Task requirements:
Here the job is to transcribe only the lines from the one containing "Maison 4 Pièces" through the last line below, exactly as written; please leave out pictures.

(Scraped caption text data)
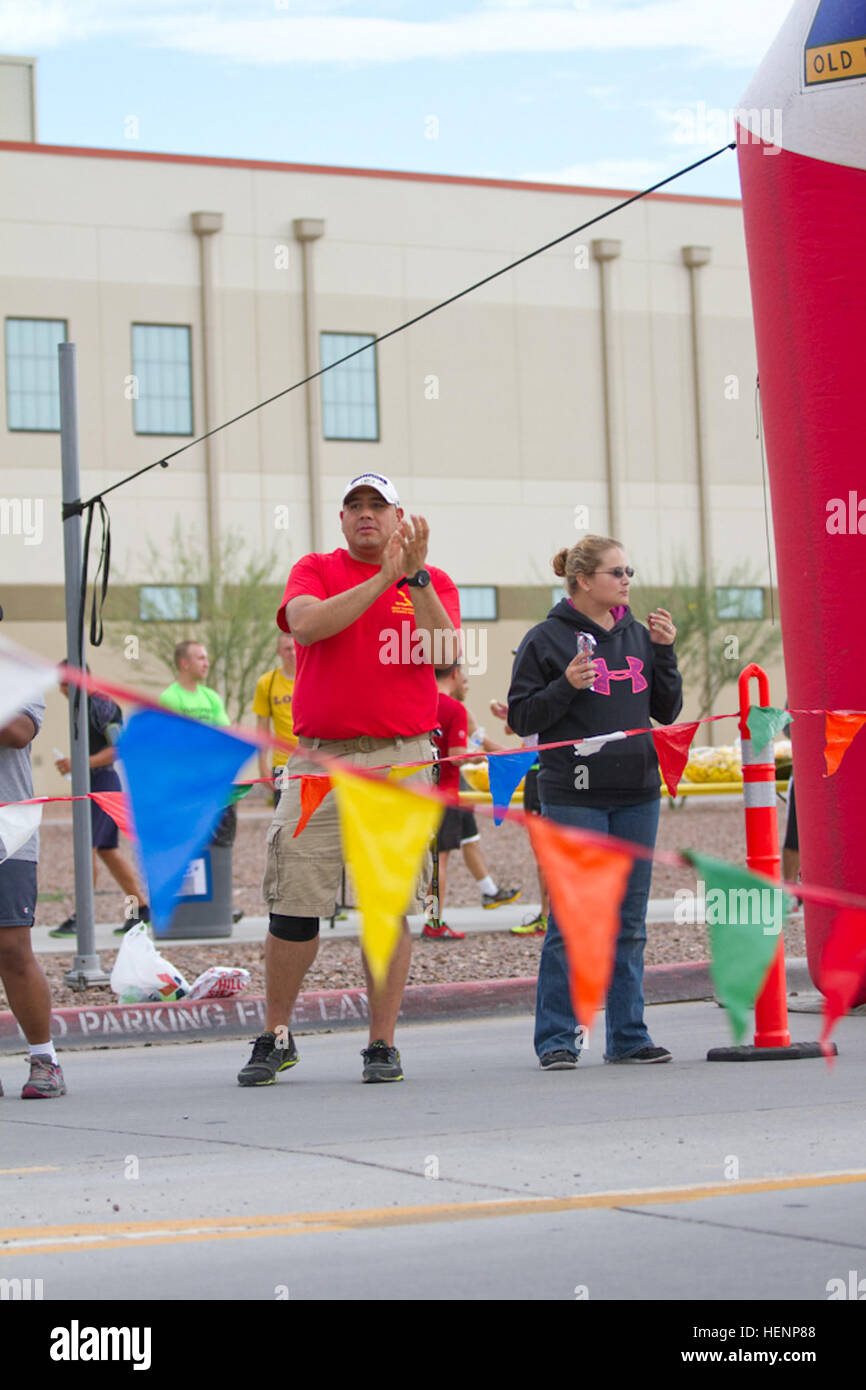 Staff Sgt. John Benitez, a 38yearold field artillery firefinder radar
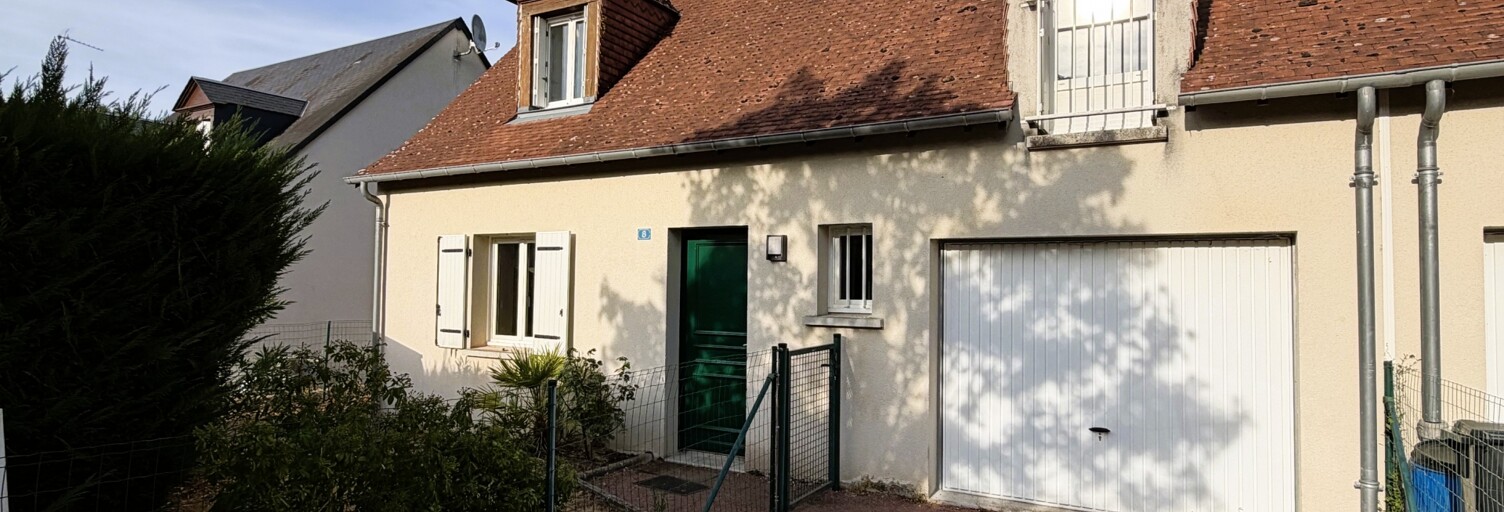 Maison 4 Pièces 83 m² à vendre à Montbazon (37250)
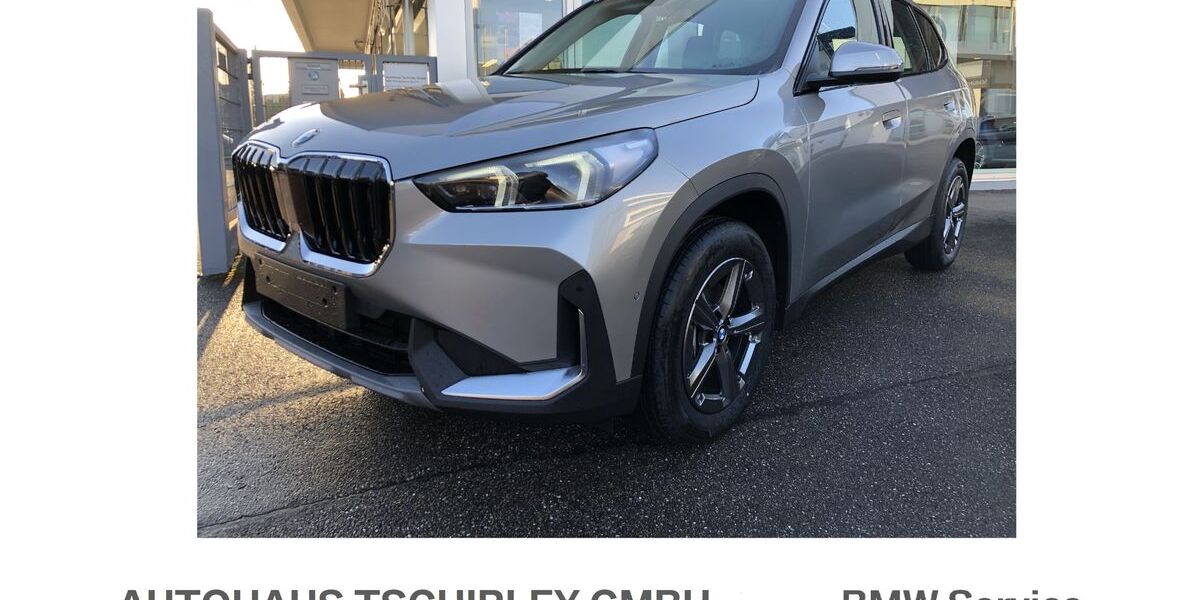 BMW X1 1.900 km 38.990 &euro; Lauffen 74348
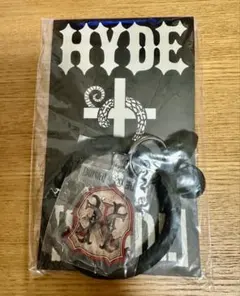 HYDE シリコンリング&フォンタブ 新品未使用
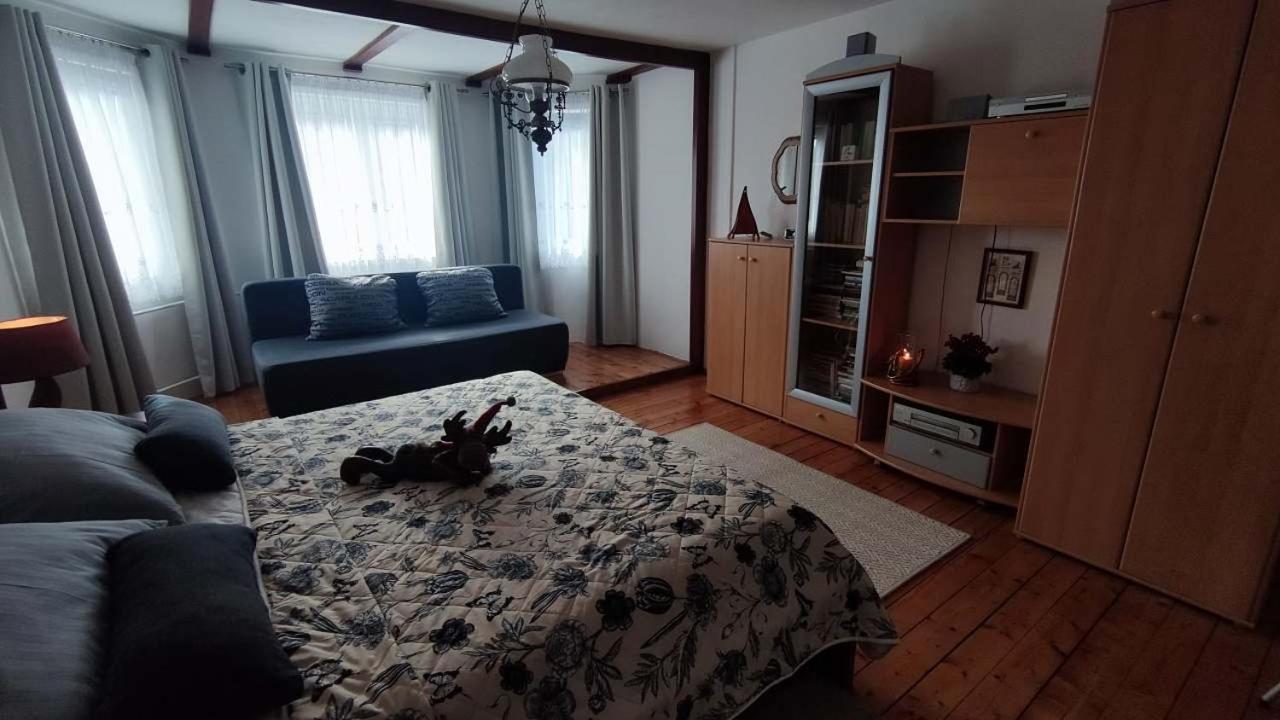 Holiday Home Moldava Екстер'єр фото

Task answer:
 Maison 4 Pièces 83 m² à vendre à Montbazon (37250)
 BMW X1 1.900 km 38.990 &euro; Lauffen 74348
 HYDE シリコンリング&フォンタブ 新品未使用
 Holiday Home Moldava Екстер'єр фото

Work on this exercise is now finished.